» EXERCISE DETAILS
Print every record exactly, omitting all pictures.

» Stored items from a collection

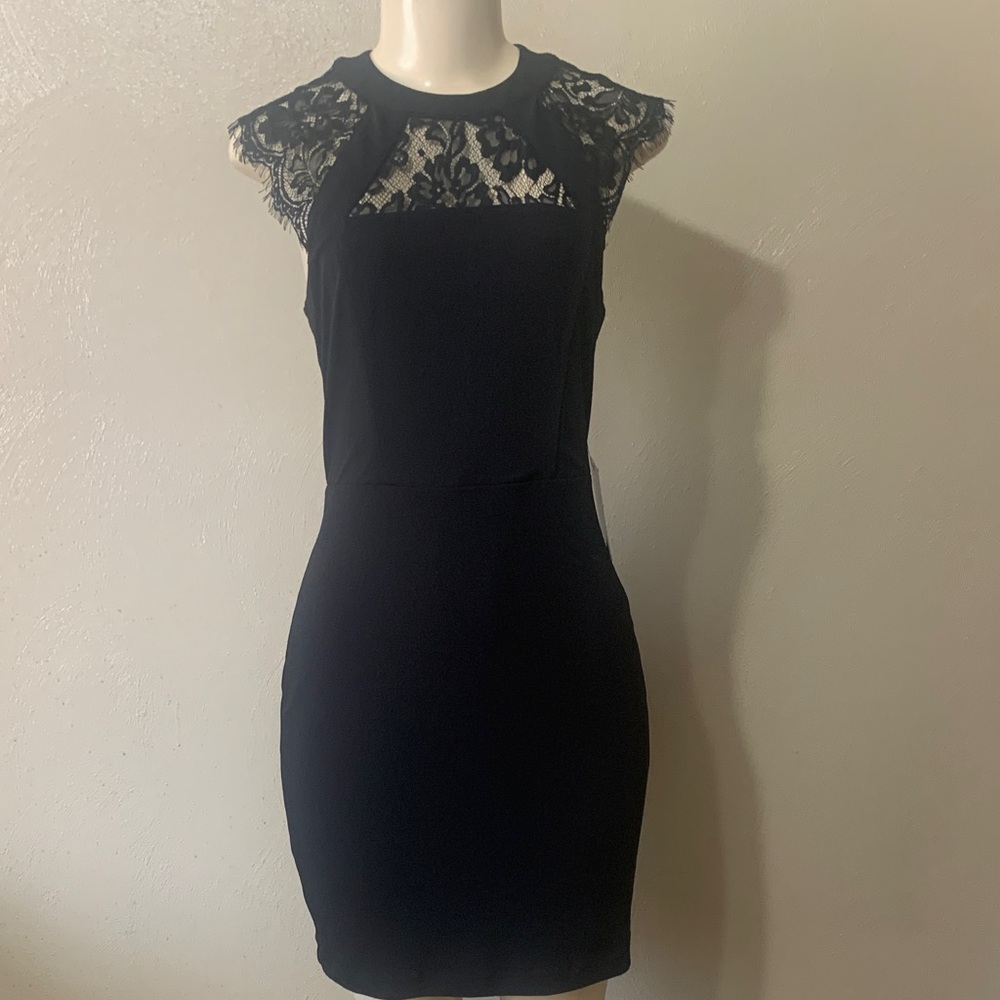 Express size 4 Black Lace-Yoke Cap Sleeve Mini Dress NWT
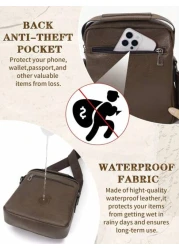 حقيبة كروس بادي رجالية قابلة للقلب، حقيبة كتف من جلد PU مقاوم للماء، حقيبة كتف مضادة للسرقة خفيفة الوزن للعمل و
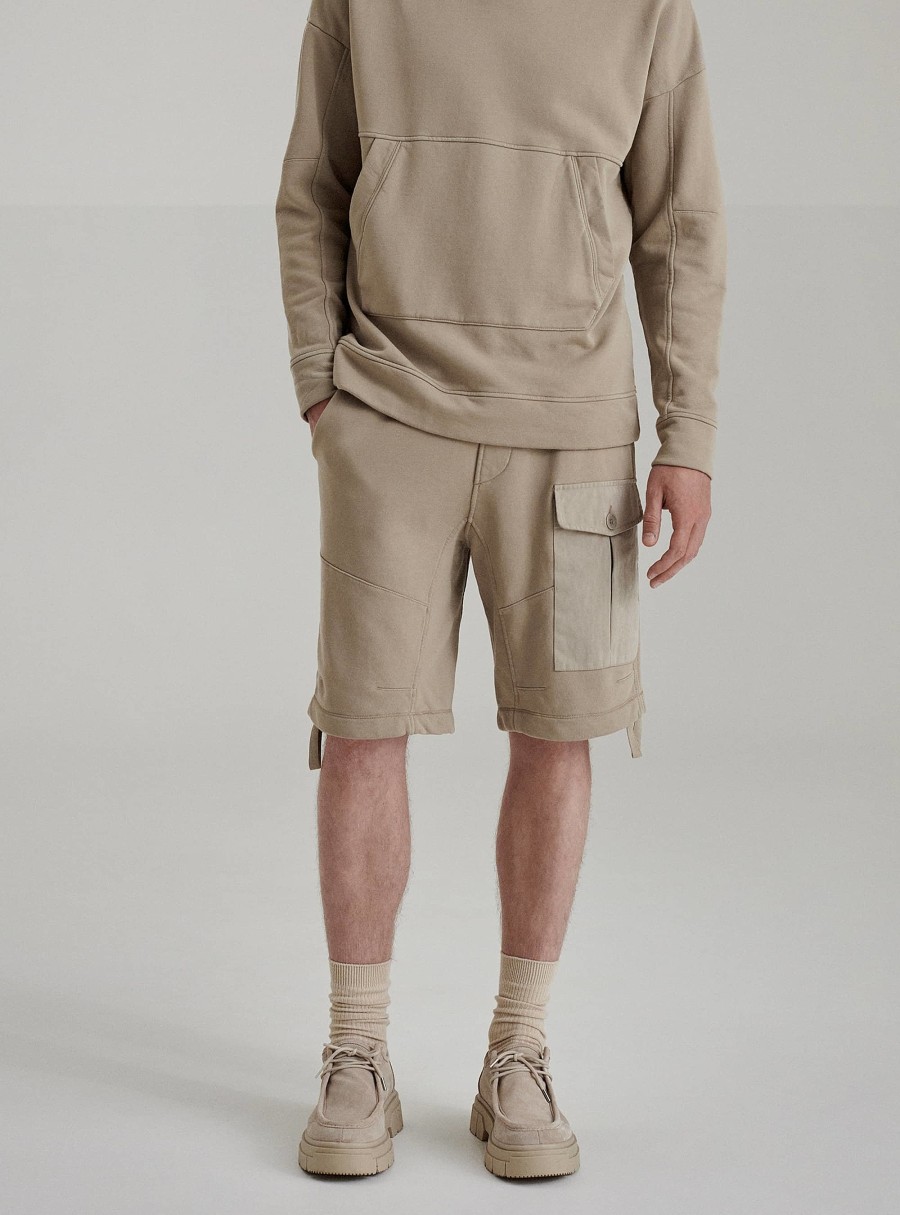 Clothing TEN C | Garment Dyed Fleece Shorts Pale Taupe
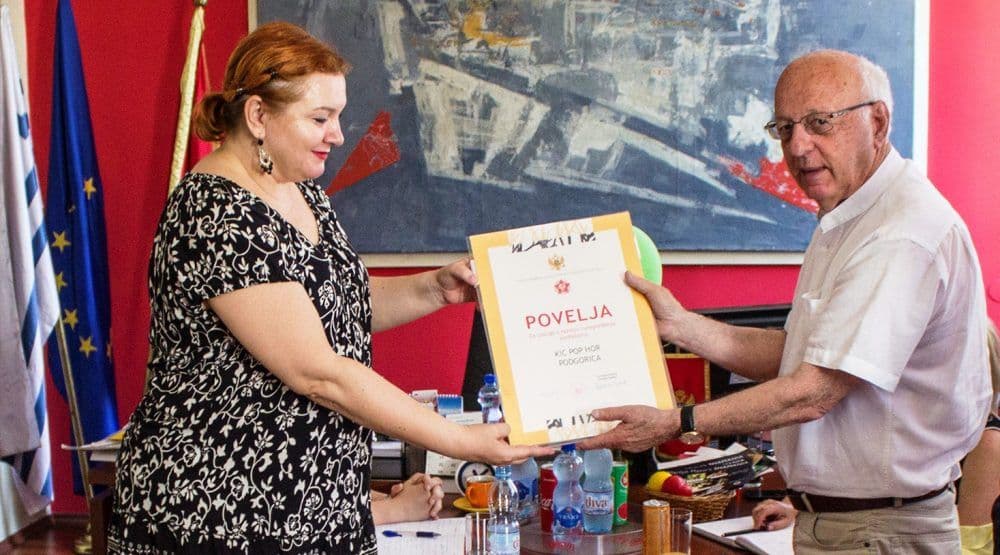 Povelja SUBNOR-a KIC pop horu Povelja SUBNOR-a KIC pop horu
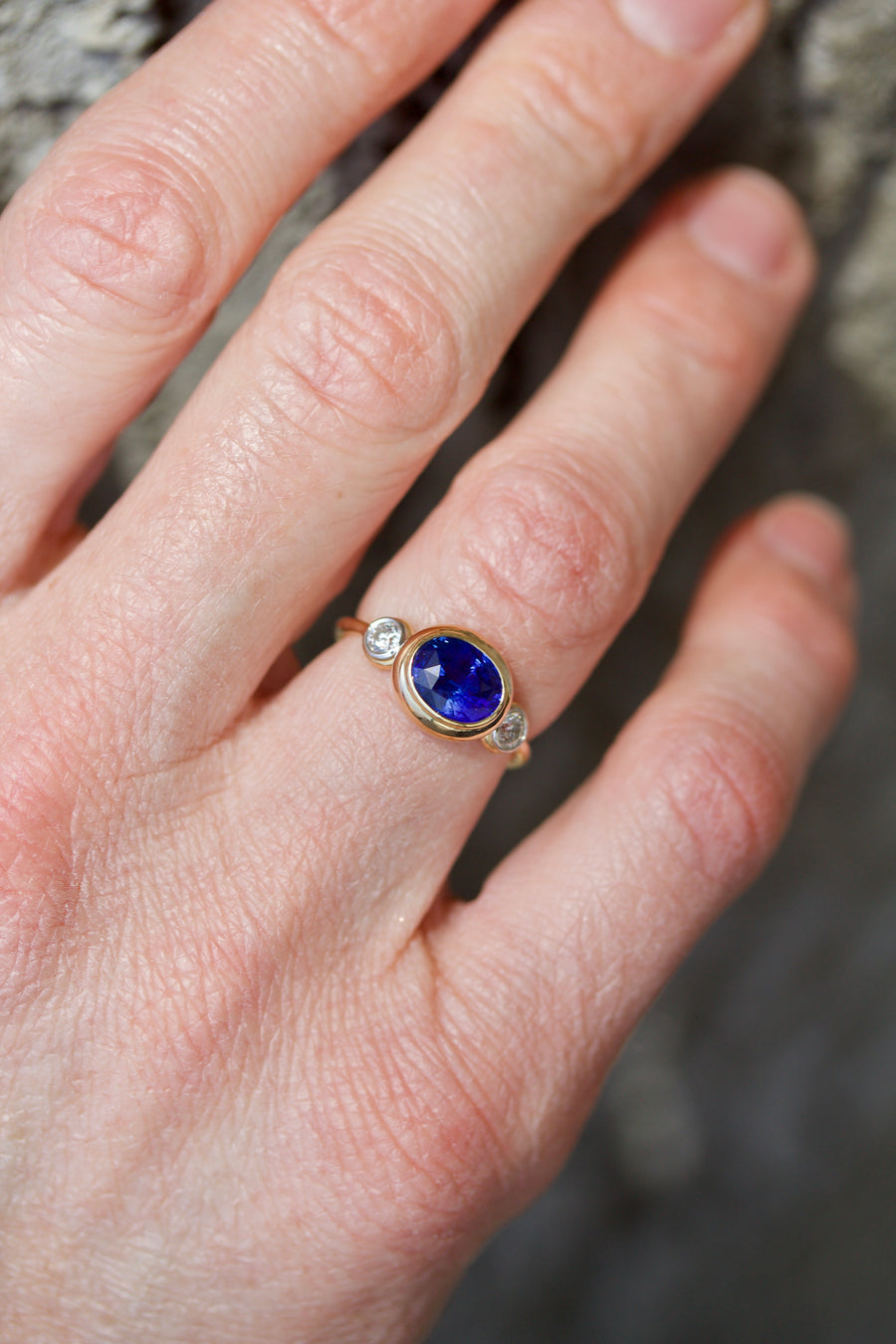 Faceted Blue Sapphire & European Cut Diamond Ring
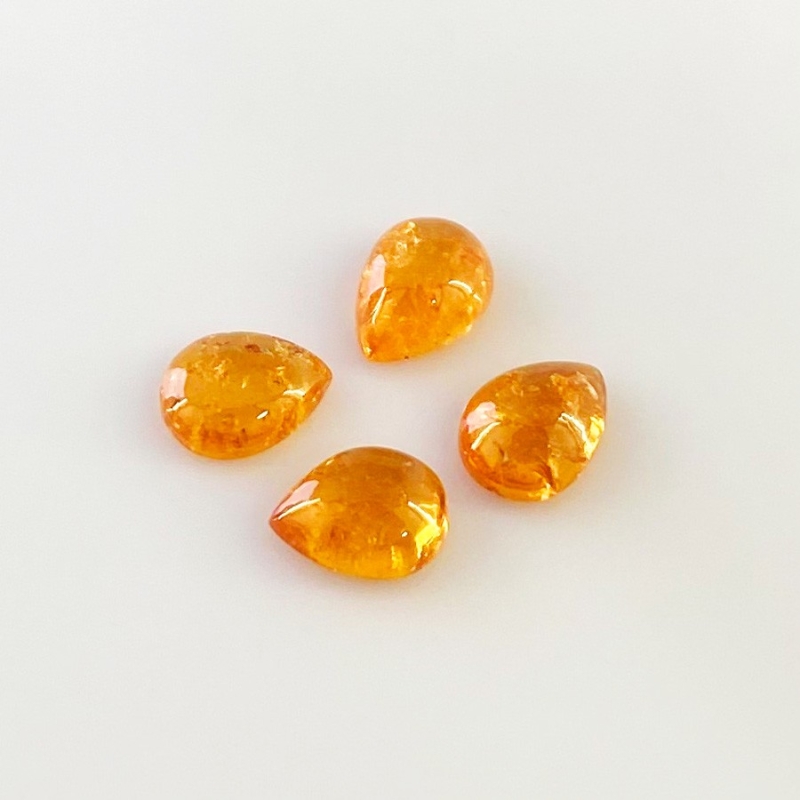 9.55 Carat Spessartite Garnet 9x7mm Smooth Pear Shape AA Grade Cabochons Parcel - Total 4 Pcs.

» TASK ANSWER
 Express size 4 Black Lace-Yoke Cap Sleeve Mini Dress NWT
 حقيبة كروس بادي رجالية قابلة للقلب، حقيبة كتف من جلد PU مقاوم للماء، حقيبة كتف مضادة للسرقة خفيفة الوزن للعمل و
 Clothing TEN C | Garment Dyed Fleece Shorts Pale Taupe
 Povelja SUBNOR-a KIC pop horu Povelja SUBNOR-a KIC pop horu
 Faceted Blue Sapphire & European Cut Diamond Ring
 9.55 Carat Spessartite Garnet 9x7mm Smooth Pear Shape AA Grade Cabochons Parcel - Total 4 Pcs.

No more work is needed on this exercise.